WASHINGTON (BP)–Education reform that would allow tax-free savings accounts to be used for public and private schooling at the elementary and secondary levels has sailed through the U.S. Senate, but the proposal appears destined to sink again when it reaches the White House.
The Senate voted 61-37 in favor of the Affordable Education Act, which includes the proposal for education savings accounts. The House of Representatives has yet to vote on the measure in this session.
The measure would permit parents or others to place as much as $2,000 a year for a child in an account with no tax on the interest if it is used for education. This post-tax money could be used for kindergarten through 12th-grade students at private, religious or home schools, but it also could be utilized for such expenses as tutoring, uniforms or home computers for public-school students. Such accounts already are permitted at the college level for as much as $500. The bill would allow accounts to roll over for use in college if they are not utilized previously.

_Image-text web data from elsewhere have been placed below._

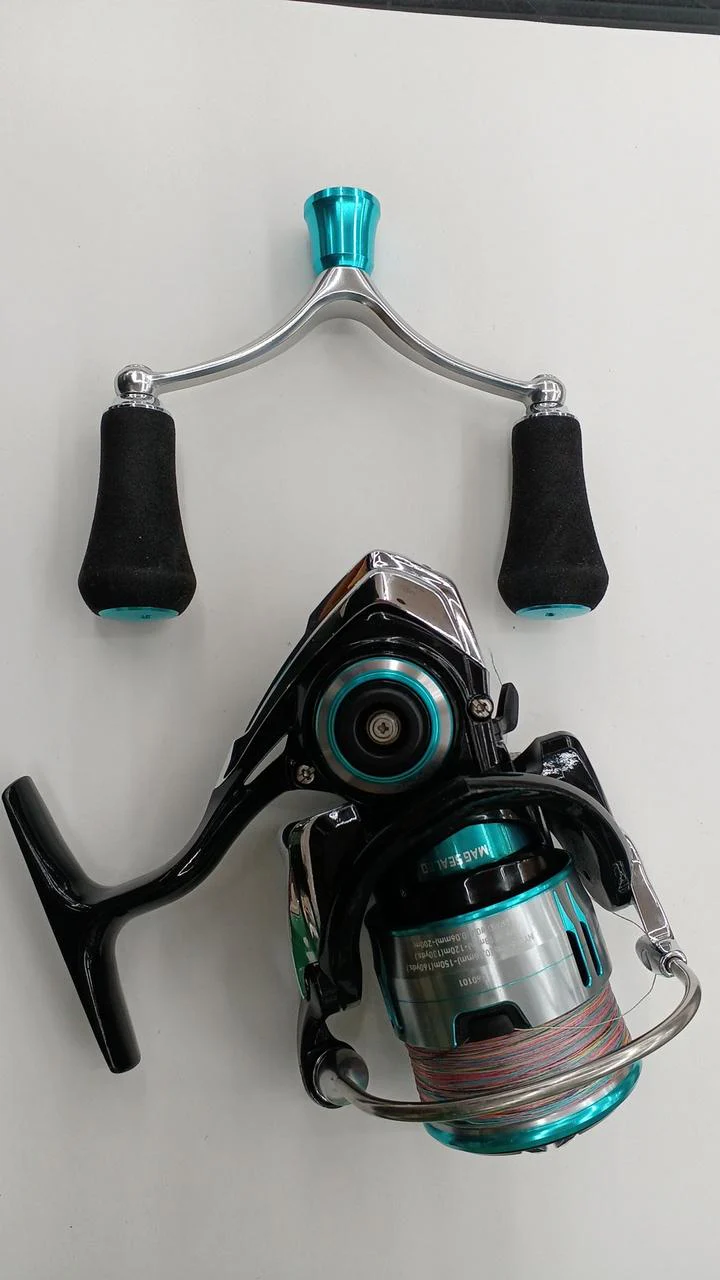 DAIWA 19 Emeraldas LT 2500S-H-DH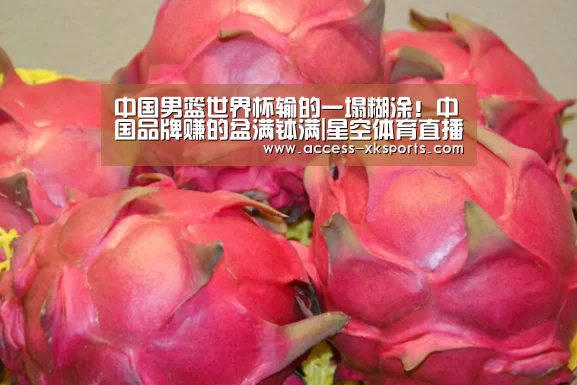中国男篮世界杯输的一塌糊涂!中国品牌赚的盆满钵满|星空体育直播(图3) 星空体育中国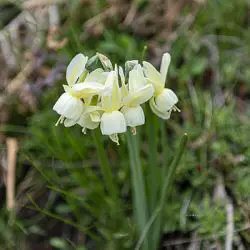 Narcissus triandrus L (1 de 2)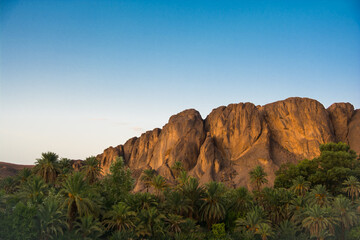 Fototapeta na wymiar Amazing evening light to the rock and palm trees under it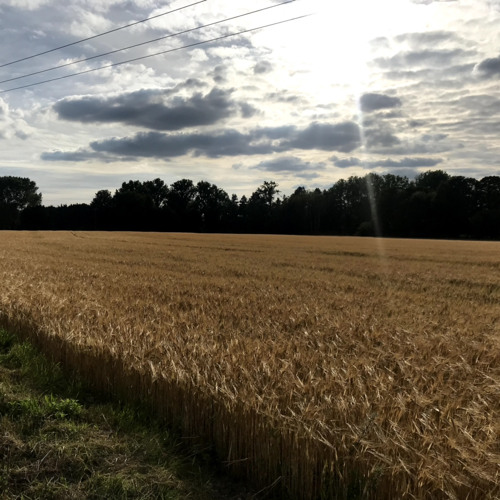 Strawberry Milkshake (Prod. Riddiman)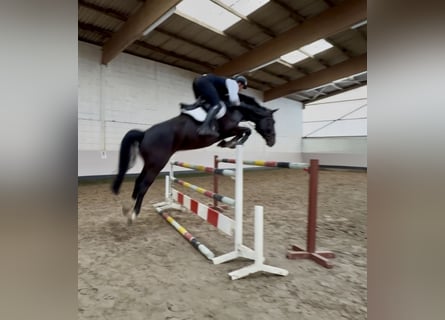 Hanoverian, Gelding, 7 years, 16,2 hh, Bay-Dark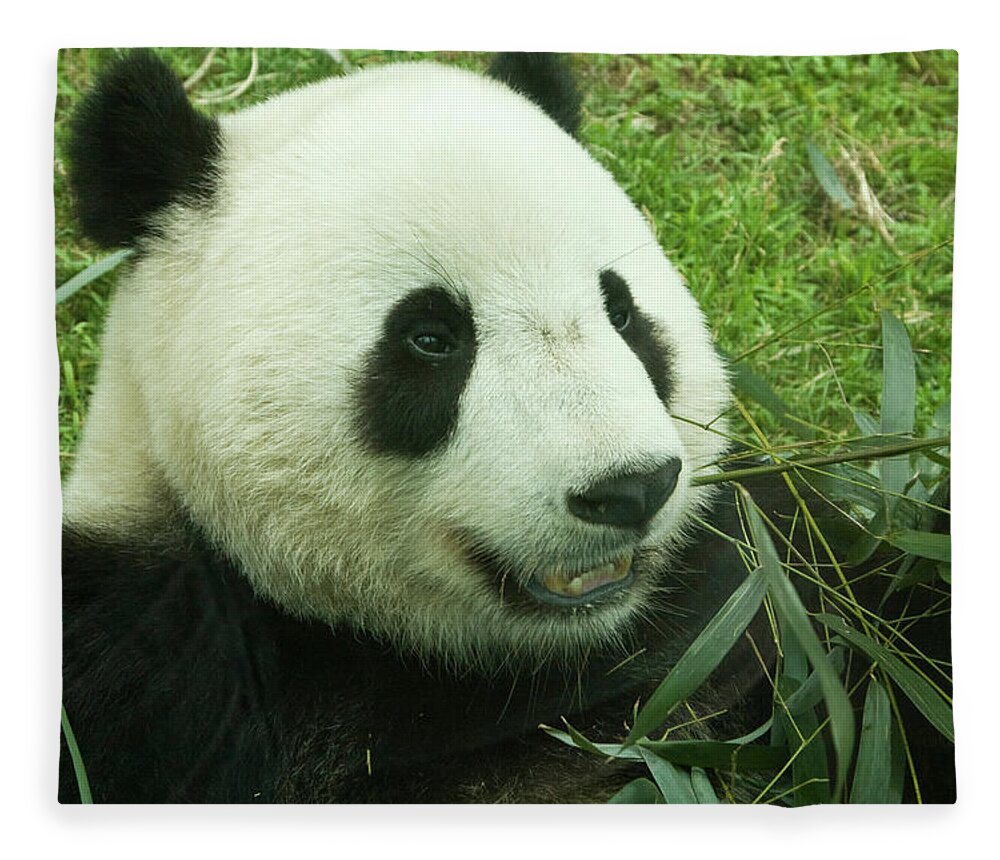 Panda Fleece Blanket featuring the photograph Giant Panda And Bamboo #1 by Lingbeek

“Increasing numbers of Southern Baptists and Americans are sympathetic to doing all that we can in government and tax policy to empower parents to make the choices that they believe are best for their children,” said Richard Land, president of the Southern Baptist Ethics & Religious Liberty Commission. “Education savings accounts would certainly be another step in that direction.”
The ERLC first endorsed the measure in 1997.
President Clinton has already killed the legislation three times and appears likely to do so again. In 1997, he insisted education savings accounts be removed from the budget package. The next year, he vetoed the proposal as a freestanding measure. Last year, he vetoed a tax-relief bill in which ESAs were included.
A two-thirds majority in both houses of Congress is required to override a presidential veto. The Senate vote March 2 fell short of that goal.
Sens. Paul Coverdell, R.-Ga., and Robert Torricelli, D.-N.J., crafted the ESA proposal.